S. 406, we held that the system of compensation which
Congress established in the Longshoremen's and Harbor Workers'
Compensation Act [
Footnote 2/1] as
the sole liability of a stevedoring company to its employees
prevented a shipowner from shifting all or part of his liability to
the injured longshoreman onto the stevedoring company, the
longshoreman's employer.
Ryan held no more than that the
shipowner could recover over from the stevedoring company by
invoking the legal formula of warranty, where there had been a
finding that the stevedoring company had been negligent. [
Footnote 2/2] In the present case, there
is
Page 376 U. S. 326
an express finding that the stevedoring company was not
negligent.
Moreover, the Court here expands the general law of warranty in
a way which I fear will cause us regret in future cases in other
areas of the law as well as in admiralty. There is no basis in past
decisions of this or any other court for the holding that one who
undertakes to do a job for another and is not negligent in any
respect nevertheless has an insurer's absolute liability to
indemnify for liability to injured workers which the party who
hired the job done may incur.
Finally, the contract under which the parties dealt here
provided that the stevedoring company was to be liable for personal
injuries resulting from its negligence, while the shipowner was to
be liable for injury caused by its own negligence "or by reason of
the failure of ship's gear and/or equipment." This provision
appears on its face to put the burden of liability for
unseaworthiness, which was the basis of the worker's recovery here,
on the shipowner, leaving negligence as the only basis on which the
stevedoring company could be held liable. The District Court so
held.
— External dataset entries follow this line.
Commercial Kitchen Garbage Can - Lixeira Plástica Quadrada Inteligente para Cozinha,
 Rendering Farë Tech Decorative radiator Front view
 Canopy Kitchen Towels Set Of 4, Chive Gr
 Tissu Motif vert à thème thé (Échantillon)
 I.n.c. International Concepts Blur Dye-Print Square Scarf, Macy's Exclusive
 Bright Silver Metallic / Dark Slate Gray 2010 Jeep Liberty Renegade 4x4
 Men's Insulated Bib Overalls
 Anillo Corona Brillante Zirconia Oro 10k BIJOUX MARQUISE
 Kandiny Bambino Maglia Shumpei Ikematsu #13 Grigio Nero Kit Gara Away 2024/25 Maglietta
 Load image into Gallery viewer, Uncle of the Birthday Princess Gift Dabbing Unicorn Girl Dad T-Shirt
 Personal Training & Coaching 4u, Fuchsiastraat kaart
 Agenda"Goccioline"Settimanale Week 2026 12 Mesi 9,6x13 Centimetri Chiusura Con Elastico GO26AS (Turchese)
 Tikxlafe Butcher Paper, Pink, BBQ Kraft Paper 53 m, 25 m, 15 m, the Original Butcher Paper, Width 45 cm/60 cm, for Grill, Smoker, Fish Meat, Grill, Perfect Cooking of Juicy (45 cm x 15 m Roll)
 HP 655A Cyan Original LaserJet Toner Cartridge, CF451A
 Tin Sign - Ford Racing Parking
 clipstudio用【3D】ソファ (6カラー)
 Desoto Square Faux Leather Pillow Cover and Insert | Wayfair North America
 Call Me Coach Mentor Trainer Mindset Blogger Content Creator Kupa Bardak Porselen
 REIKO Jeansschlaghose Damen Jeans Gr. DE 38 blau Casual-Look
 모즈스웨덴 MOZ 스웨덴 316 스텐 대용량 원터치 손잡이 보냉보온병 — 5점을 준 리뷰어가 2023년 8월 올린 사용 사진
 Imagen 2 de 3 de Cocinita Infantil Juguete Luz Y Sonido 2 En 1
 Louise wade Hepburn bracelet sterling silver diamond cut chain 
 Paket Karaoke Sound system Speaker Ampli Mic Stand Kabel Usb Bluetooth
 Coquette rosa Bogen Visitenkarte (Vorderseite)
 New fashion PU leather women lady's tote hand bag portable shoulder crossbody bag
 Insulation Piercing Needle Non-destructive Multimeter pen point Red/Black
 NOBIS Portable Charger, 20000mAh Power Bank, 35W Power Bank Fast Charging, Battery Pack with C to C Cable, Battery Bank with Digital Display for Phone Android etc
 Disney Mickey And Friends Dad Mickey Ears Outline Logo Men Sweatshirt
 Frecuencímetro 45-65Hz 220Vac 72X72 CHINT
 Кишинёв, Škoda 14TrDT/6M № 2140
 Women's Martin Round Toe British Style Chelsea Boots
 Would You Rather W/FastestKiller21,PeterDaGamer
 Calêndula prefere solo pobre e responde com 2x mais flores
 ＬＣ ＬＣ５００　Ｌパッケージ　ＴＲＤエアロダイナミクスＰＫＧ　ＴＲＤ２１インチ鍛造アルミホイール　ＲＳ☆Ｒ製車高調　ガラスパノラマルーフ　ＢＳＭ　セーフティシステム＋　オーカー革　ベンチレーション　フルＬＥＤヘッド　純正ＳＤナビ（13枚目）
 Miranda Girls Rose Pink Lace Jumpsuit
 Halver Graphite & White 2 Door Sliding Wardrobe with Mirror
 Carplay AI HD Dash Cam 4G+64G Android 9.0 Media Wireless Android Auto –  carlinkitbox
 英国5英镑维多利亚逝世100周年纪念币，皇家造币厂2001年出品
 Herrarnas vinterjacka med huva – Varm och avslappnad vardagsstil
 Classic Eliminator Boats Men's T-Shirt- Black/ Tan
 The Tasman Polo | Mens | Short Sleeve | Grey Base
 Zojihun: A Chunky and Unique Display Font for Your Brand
The contract is before us, and we are as competent to
interpret it now, without remanding to the Court of Appeals, as we
are to invoke "policy" reasons in order to expand
Ryan and
impose new financial burdens on stevedoring companies in plain
violation of the policy Congress adopted in the Longshoremen's and
Harbor Workers' Compensation Act.
For these and other reasons cogently expressed in Judge Hamlin's
opinion for the Court of Appeals, 310 F.2d 481, I dissent.
[
Footnote 2/1]
44 Stat. 1424, as amended, 33 U.S.C. §§ 901-950.
[
Footnote 2/2]
Reed v. The Yaka, 373 U. S. 410,
held only that a longshoreman could bring a suit for
unseaworthiness against a stevedoring company which chartered a
ship and was the longshoreman's employer. In that case, no issue as
to an implied warranty of workmanlike service arose, because the
stevedoring company had agreed in any case to hold the shipowner
harmless without regard to negligence,
see 183 F. Supp.
69, 70; furthermore, the stevedoring company there was also the
operator of the vessel, and therefore, in that particular case, was
primarily liable for unseaworthiness.